Ranald had not hesitated to touch her, had
seemed to delight in it. Her body flushed, remembering. Moridac had
not savored each touch like his brother had but had lingered only
long enough to prepare her for him. Soon as he attained his
release, he had moved away. She remembered wanting something more,
but not knowing what it was.

She knew now.

Ranald had pleasured her until all strength
had drained from her, so tumultuous had been her release. Judging
from the fervor of his thrusts, his own explosive release, he had
enjoyed their joining as much as she.

If not for his tonsure, never would she have
believed he had lived as a monk. Her eyelids flew wide again. Could
he have remembered how to make bed-sport from when he was a young
man? Had he practiced? Mayhap he had not been celibate. Were there
women housed in the abbey? By chance, a comely cook? How could she
ask him?

“Go to sleep!”

Ranald had not thought a lass could startle
so much she would near fall off the bed. Catalin clutched the sheet
to her forehead and went so still he feared she had stopped
breathing.

In his mind’s eye, he could see his father
sleeping with a grin spread wide on his face. No doubt gleefully
anticipating telling one and all that the sheets had been snowflake
white. No stains of lovemaking. No telltale red proving the bride
had been untried. Knowing him, he would demand to see Ranald’s
arms, his legs, to spy evidence of a cut.

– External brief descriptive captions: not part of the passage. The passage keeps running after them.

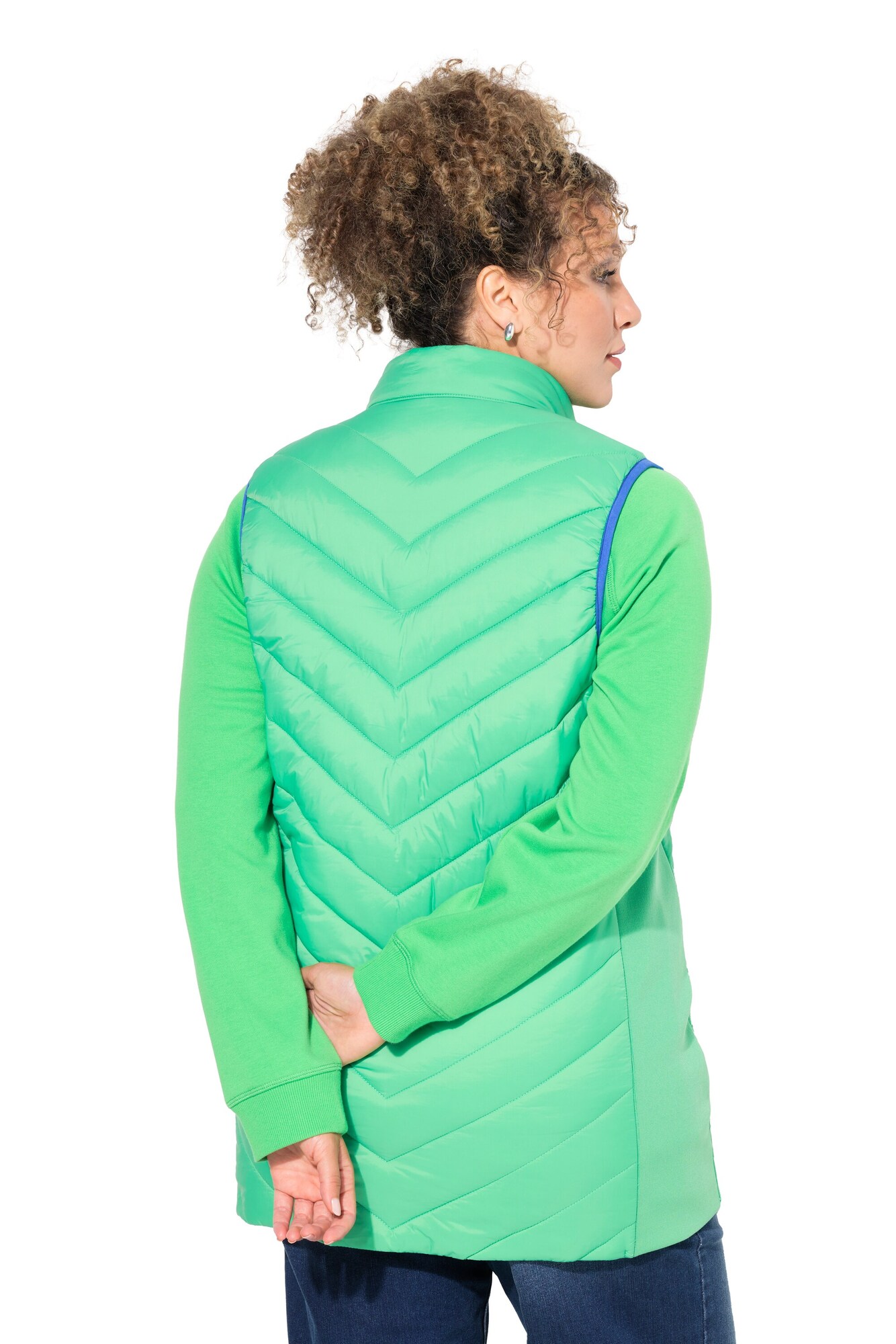 Thumbnail - Ulla Popken Weste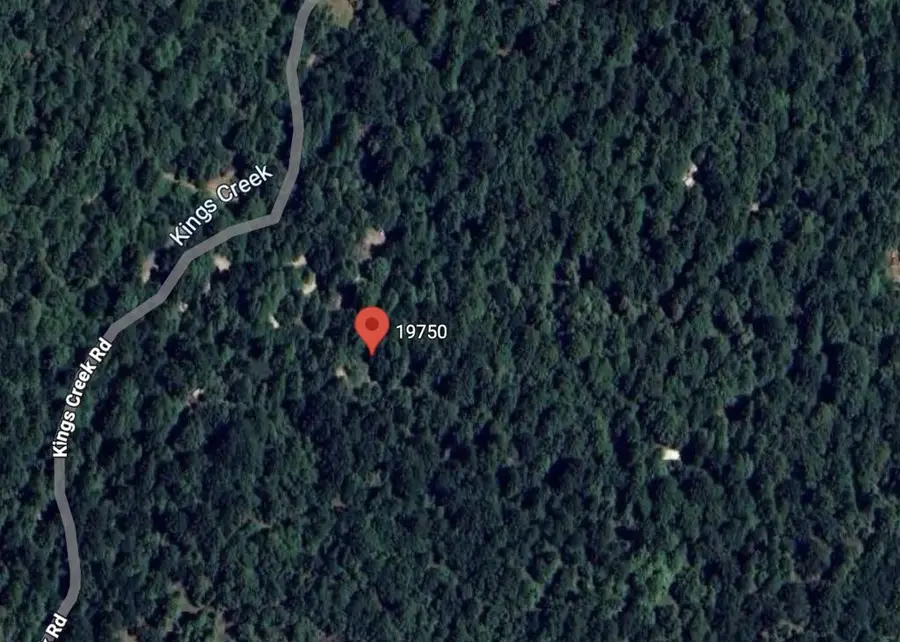 19750 Kings Creek Road, Boulder Creek, CA 95006 - #2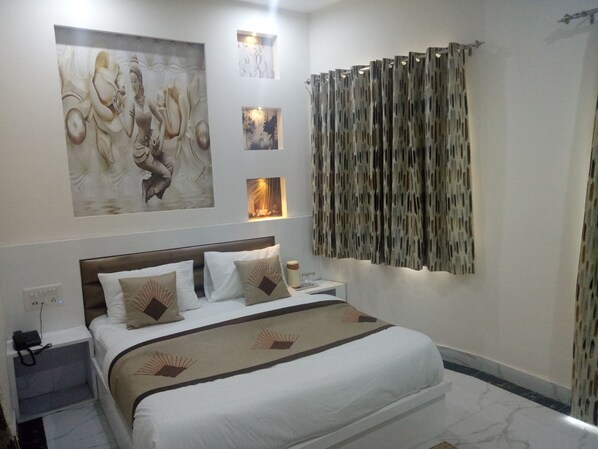 6 Schlafzimmer, kostenloses WLAN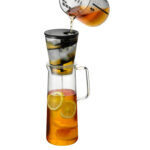 Set de turbo cooler jarra y enfriador ice ”tea time” wmf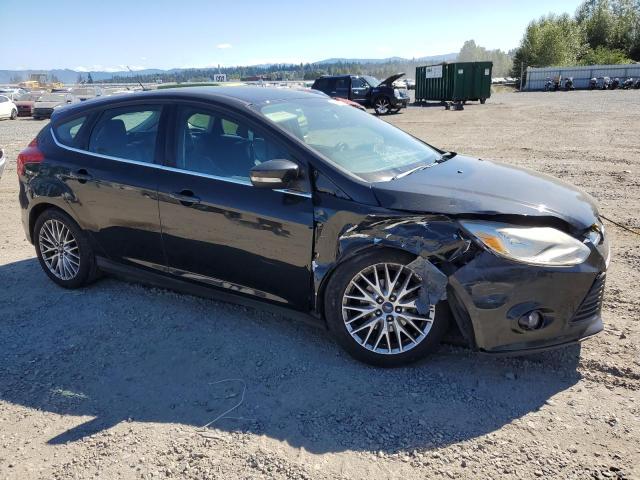 Photo 3 VIN: 1FADP3N20EL375536 - FORD FOCUS TITA 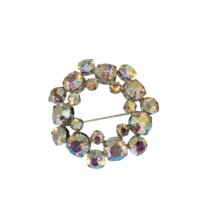 Vintage broche no 22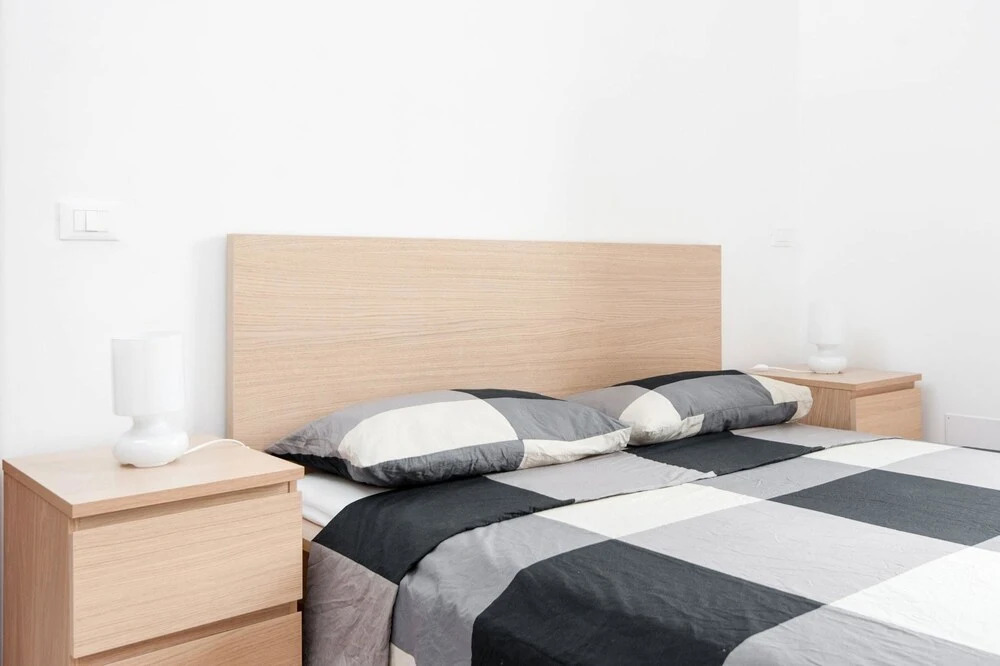 House With 2 Bedrooms in Roma, With Balcony and Wifi
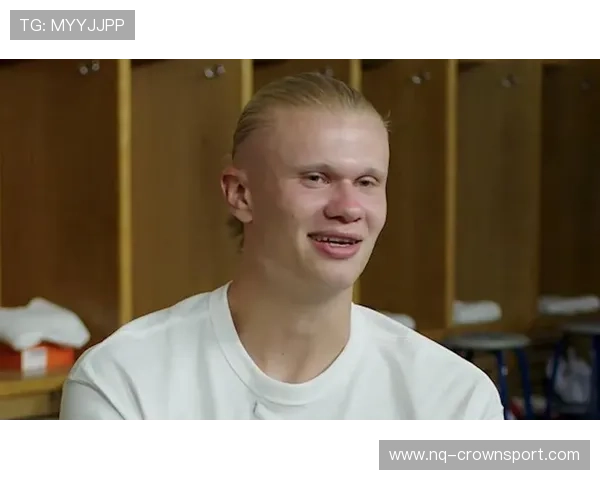 哈兰德只是吃饼前锋？终结依赖与战术角色分析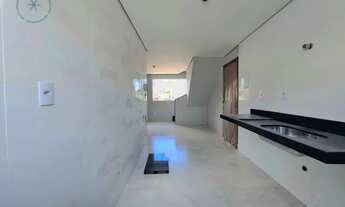 Imagem 6: Apartamento á venda no bairro Candelária , Belo Horizonte - MG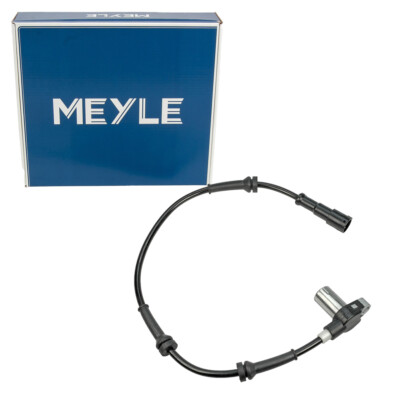MEYLE ABS Sensor Raddrehzahl für RENAULT TWINGO I (C06_) 1.2 vorne 7700830227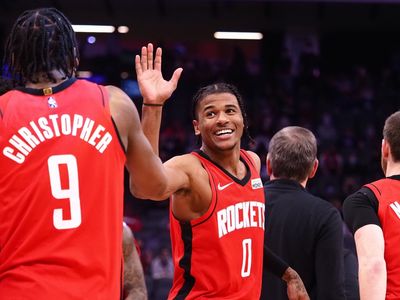 Kings at Rockets: Prediction, point spread, odds, over/under, betting picks (March 30)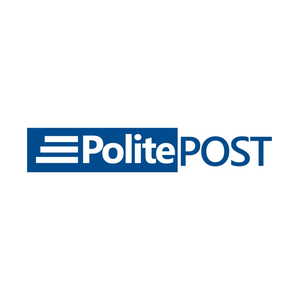 politepost brand logo for politepost.net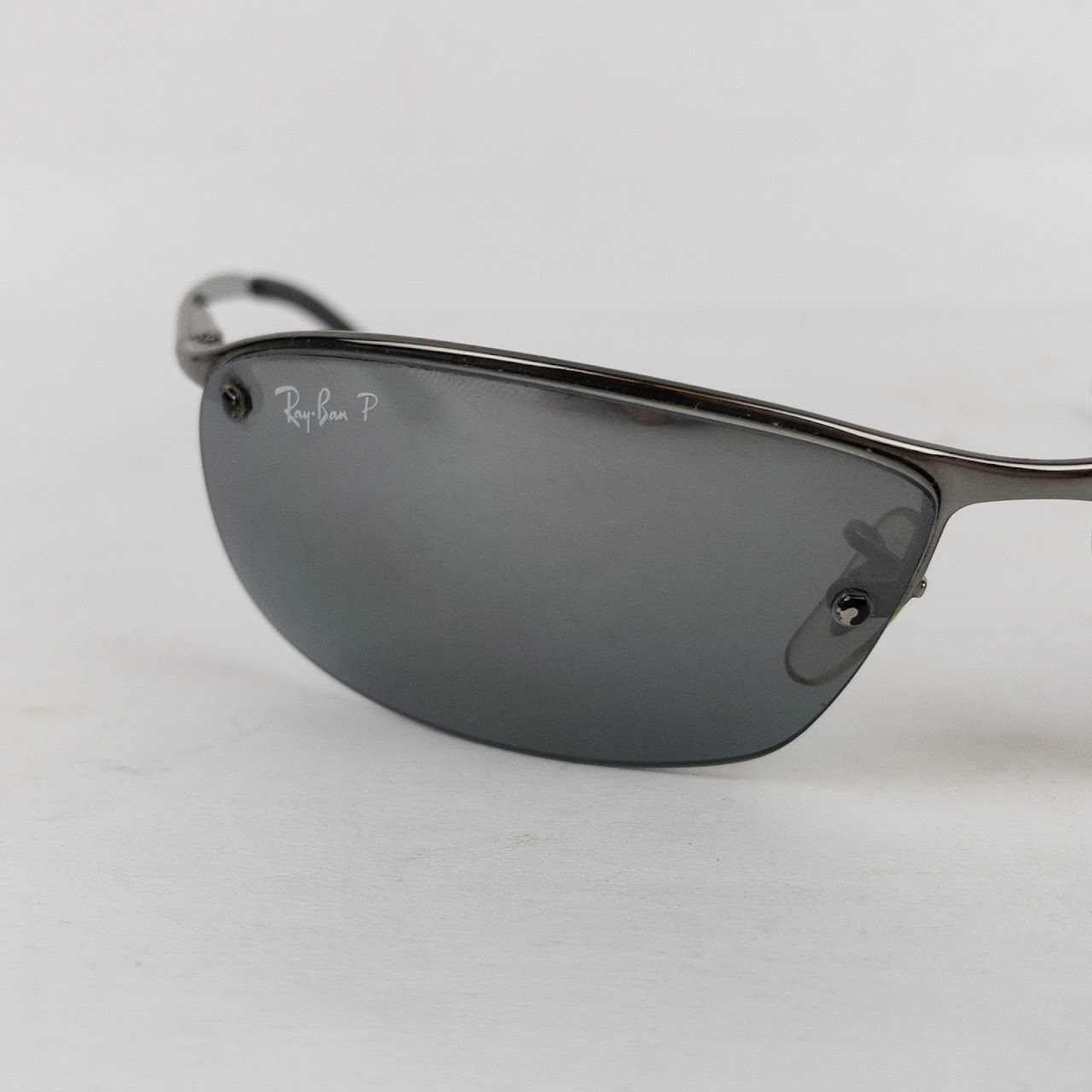 Ray-Ban Classic Grey Sunglasses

He would wear naught but a kilt when he rose,
baring his arms. Would let the kilt ride up his thighs when he
mounted Satin’s Spawn. When he came into the bailey after a bout of
sword practice with Raik, he would strip and rinse at the well.
Naught would show that he was misleading them, for he had chosen
his areas well. For them to be visible, he would have to balance on
his head, his legs widespread to the sky.

Ah, to deceive Broccin! He burned knowing how
his father had deceived him. He had given no hint Moridac had
sampled his betrothed. His remark of the babe favoring his brother
was dafty, since they were identical twins—except for the unsightly
scars. Likely, Moridac had been the fool and bragged to his
sire.

He clutched the vial tight in his fist. Once
Catalin slept, he would conceal Hannah’s token at the bottom of his
scabbard. ‘Twas enough room there for the sword to share. While
with Raik, he would empty the vial, crush it and spread dirt over
it. An uneasy thought struck. Had Raik known? He would find out. If
he knew and had not warned him, he would pay for it.

Finally, the black sky gave way to the
faintest hint of gray. He eased from the bed, and it took him but a
blink in time to hide the vial. He padded over to the open window
and knelt, letting cold air flow over his naked body as he prayed
throughout what was left of the night.